● **Excerpted records**
══════

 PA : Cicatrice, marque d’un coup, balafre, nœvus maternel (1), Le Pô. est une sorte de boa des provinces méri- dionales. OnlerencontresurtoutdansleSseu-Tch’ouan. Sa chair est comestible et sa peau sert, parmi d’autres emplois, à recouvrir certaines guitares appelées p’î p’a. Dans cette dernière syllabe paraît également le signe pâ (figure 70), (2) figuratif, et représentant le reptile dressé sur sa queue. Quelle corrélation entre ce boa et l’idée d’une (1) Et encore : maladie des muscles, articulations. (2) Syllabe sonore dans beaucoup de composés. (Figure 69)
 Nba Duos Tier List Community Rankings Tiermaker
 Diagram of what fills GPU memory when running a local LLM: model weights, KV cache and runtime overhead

══════

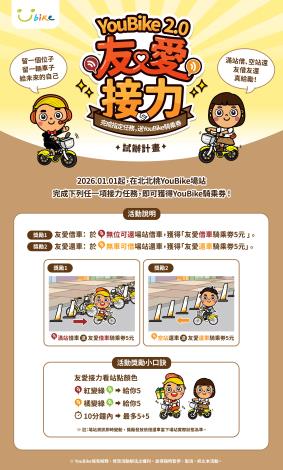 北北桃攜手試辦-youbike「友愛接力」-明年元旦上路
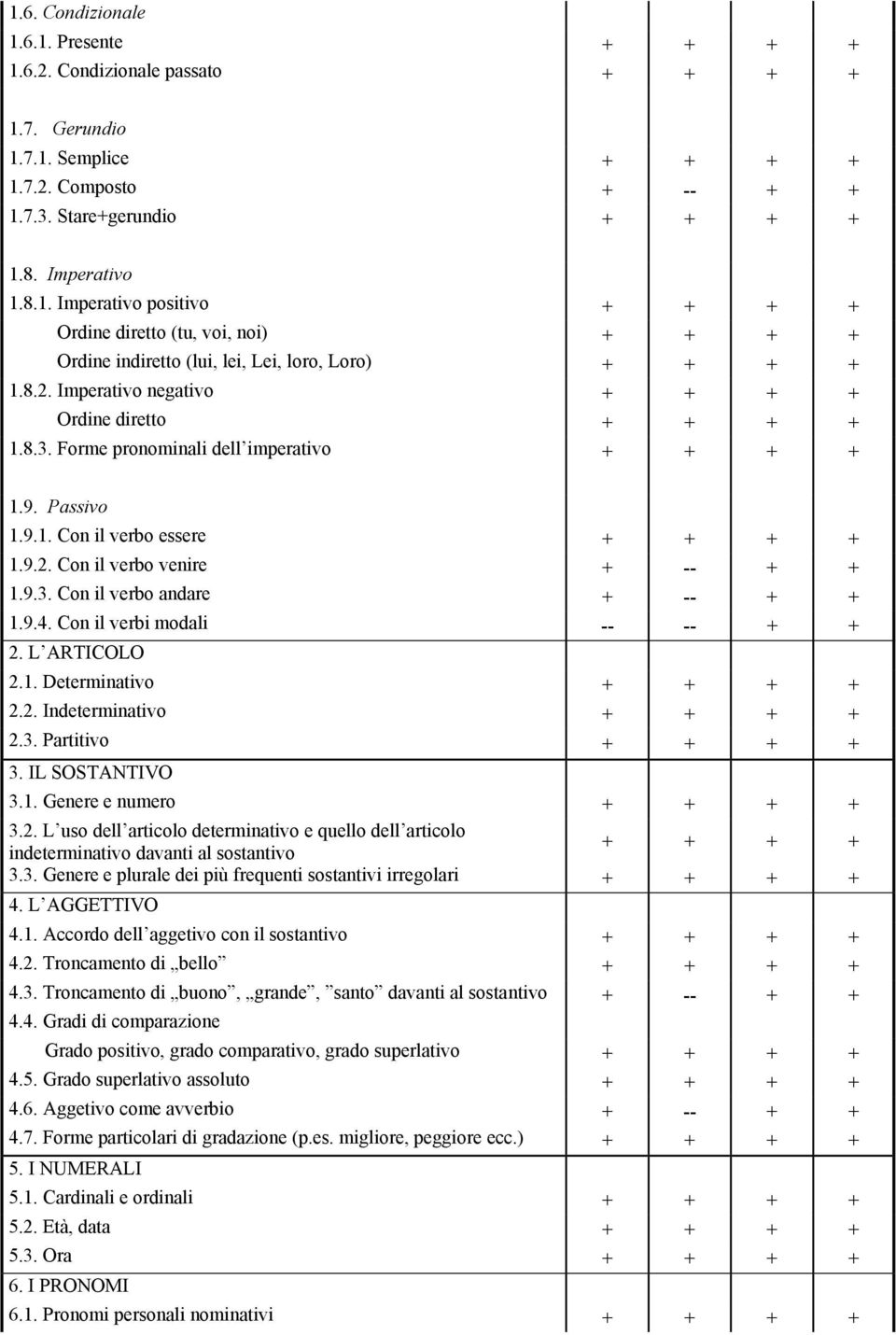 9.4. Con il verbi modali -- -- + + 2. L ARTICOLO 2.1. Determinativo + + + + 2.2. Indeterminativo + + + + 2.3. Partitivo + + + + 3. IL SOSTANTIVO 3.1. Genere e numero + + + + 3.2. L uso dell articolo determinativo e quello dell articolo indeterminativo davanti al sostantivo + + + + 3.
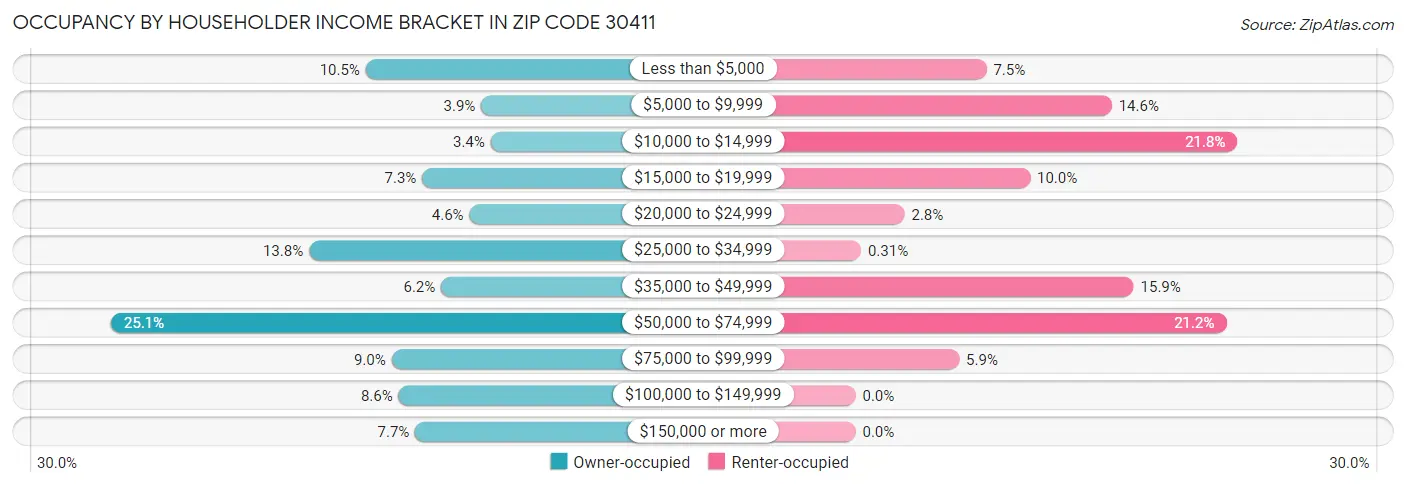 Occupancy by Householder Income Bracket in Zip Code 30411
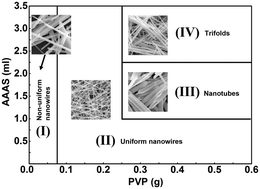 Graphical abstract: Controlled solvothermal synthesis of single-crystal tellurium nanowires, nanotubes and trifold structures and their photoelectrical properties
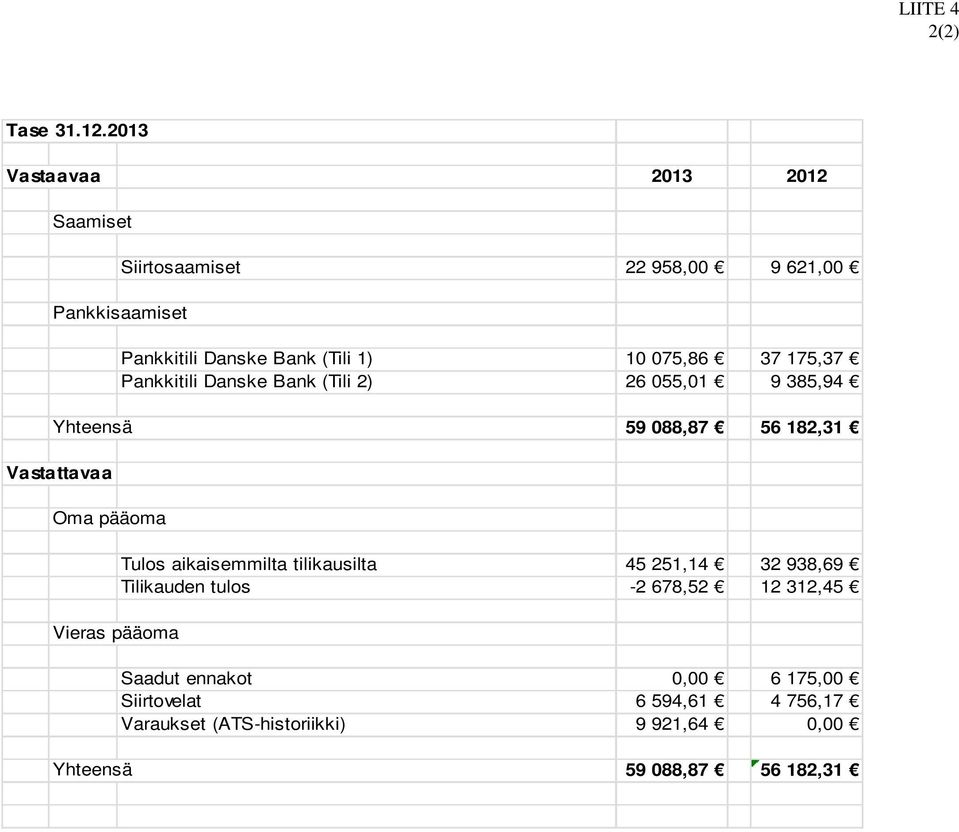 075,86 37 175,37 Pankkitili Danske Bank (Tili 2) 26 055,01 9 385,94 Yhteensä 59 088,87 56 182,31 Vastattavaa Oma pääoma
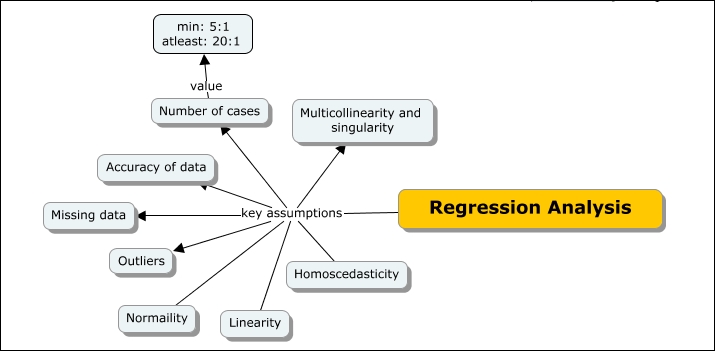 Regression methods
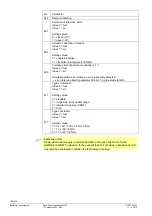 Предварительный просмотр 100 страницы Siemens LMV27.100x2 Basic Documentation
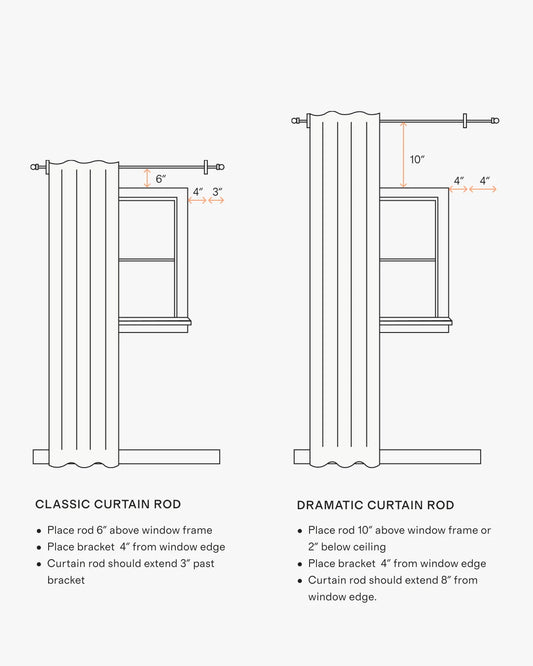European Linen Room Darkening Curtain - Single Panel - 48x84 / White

══════

● **Task details**
Repeat only the stretch of data above that runs from the line with "Предварительный просмотр 100" to the line with "European Linen Room". Keep both end lines; exclude pictures.

● **Response area**
 Предварительный просмотр 100 страницы Siemens LMV27.100x2 Basic Documentation
European Linen Room Darkening Curtain - Single Panel - 48x84 / White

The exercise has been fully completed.